There are no efficient algorithms for solving it.

So the technical term is that the shortest common superstring problem is NP-complete.

And NP-complete problems are very, very unlikely to have an efficient solution,

this doesn't mean it can't be solved.

In fact, we'll see an algorithm for solving it pretty soon.

But it's not going to be very fast,

and as the number of input strings grows, it's going to get slow very, very quickly.

So let's see an outline for the sort of algorithm that we can use

to solve the shortest common superstring problem.

So let's say we have some input strings and

assume for a moment that they're all the same length.

And what we're going to do is,

we're going to put them in some order, like this.

Maybe these are our input strings and

this is the first order we're going to try to put them in.

This happens to be alphabetical order.

And then, we're going to, for every adjacent pair of strings in

this ordered list we're going to find the longest overlap between them.

So that is, we're going to find the longest suffix of the string on the left

that matches a prefix of the string on the right.

And then we are going to glue them together accordingly.

We're going to merge them together accordingly.

So for example, these first two strings in our

ordered list overlap by two characters.

The suffix AA from the first string overlaps the prefix AA from

the second string.

And there are no longer overlaps between these strings so

we glue them together like this.

So we started with the first string, AAA.

And then we tacked on just the B from the second string.

We ignored the overlaps characters because those are already in our superstring that

we're building, and we just added on the B from the second string.

Okay, so now, let's look at the second pair.

And again, they have an overlap of length two because there's a suffix AB for

the string on the left and there's a prefix AB for the string on the right.

So this time, we're going to concatenate just the A from the second string.

So we're concatenating just one more A onto our superstring that we're building.

And we can keep going like this.

So for this third pair, the overlap is one, right?

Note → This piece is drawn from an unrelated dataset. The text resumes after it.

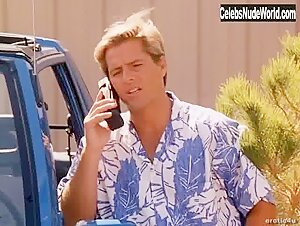 Sandra Wild boobs , Blonde scene in Fit to Kill (1993) 13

Because the suffix A matches the prefix A.

So we're going to add on BB to the end of our superstring so far and so on.

We'll just keep doing this for every adjacent pair of strings until we've done

all those pairs, and at the end of the day, we have a candidate superstring.

It's not necessarily the shortest common superstring, but it might be.

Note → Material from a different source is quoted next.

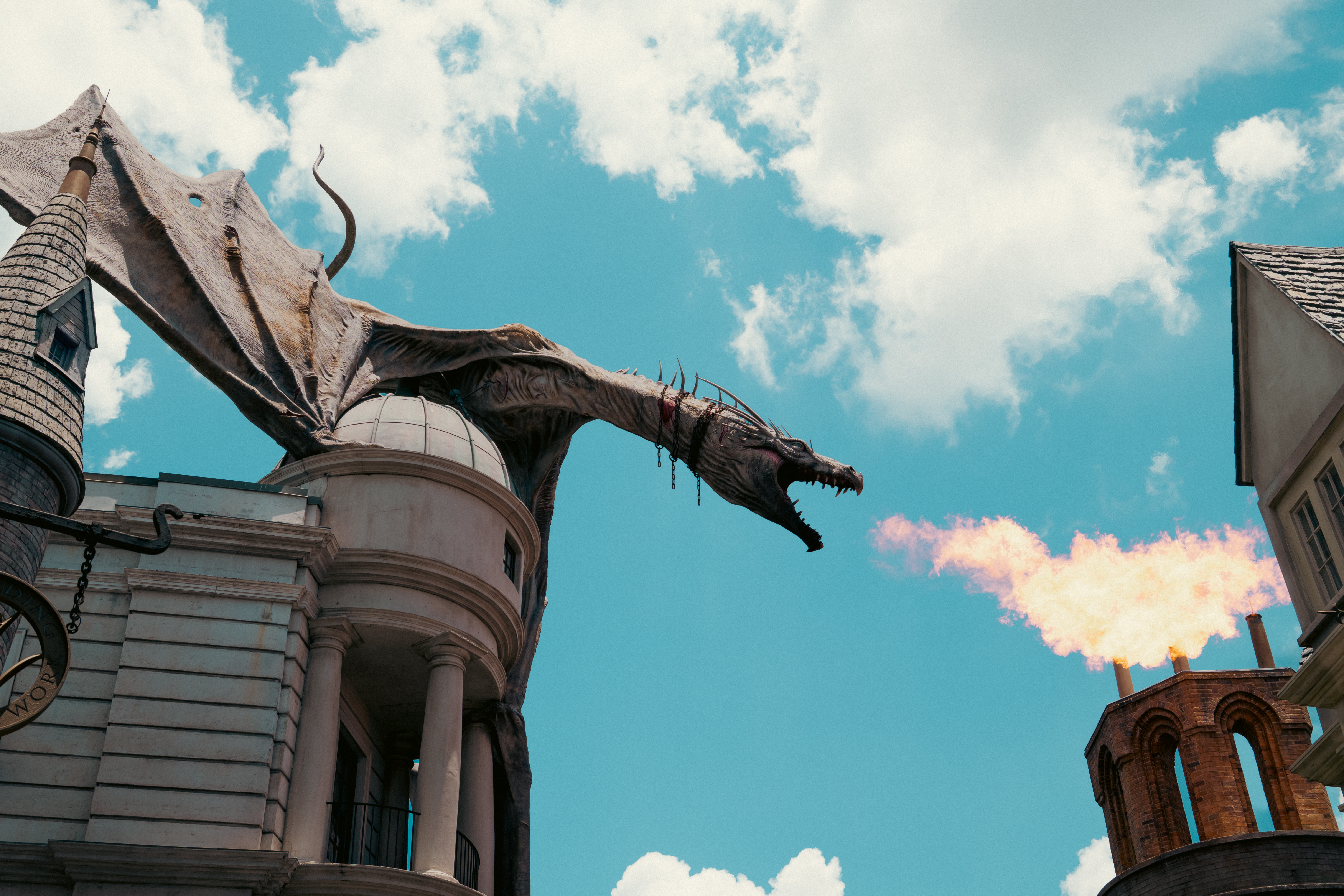 A moment captured at Universal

If we pick the right ordering then it will be the shortest common superstring.

So for a given ordering, that's how we produce the candidate superstring.

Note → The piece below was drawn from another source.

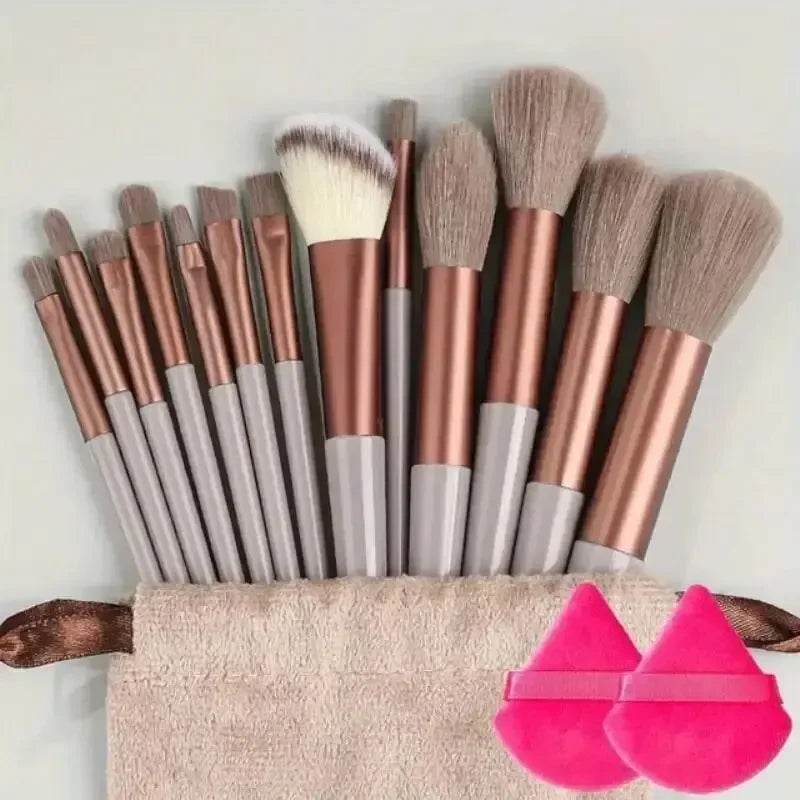 Makeup Brush Set Soft Fluffy Professiona Cosmetic -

And again, it's not necessarily the shortest.

And for different orderings we'll get different superstrings.

So, for example, here's another kind of order that we could put the strings in.

It's just a slightly different order than the first one.

And then through the same procedure we'll produce a superstring.

And, lo and behold, you can see that it's shorter than the first superstring by

I guess that is four characters, it's shorter than the first superstring.

So if we want to find the absolute shortest common superstring

we're going to have to try all the ordering.

So that's our algorithm for every possible way of ordering the N input strings, for

every permutations of the n input strings.

We're going to glue adjacent pairs of

strings together according to their maximal overlap.

And then, the shortest common superstring that we get over all those orderings

is the shortest common superstring overall.

So why is this so slow?

Why do I say that this problem is intractable?

Well, this particular algorithm is slow because the number of possible

orderings that we have to try is equal to the number of input strings,

let's say that's n, that's equal to n factorial,

because that's how many different permutations of n there are.

So n factorial is a quantity that grows very quickly as n grows.

As the number of input strings grows, the amount of work that we have to do,

the amount of permutations we have to try grows very, very rapidly.

That's why we call this problem an intractable problem.

So, in the coming practical session, we'll implement this idea and

then in the following lecture we'll talk about one way that we can speed things up

quite a bit, though, kind of phrase.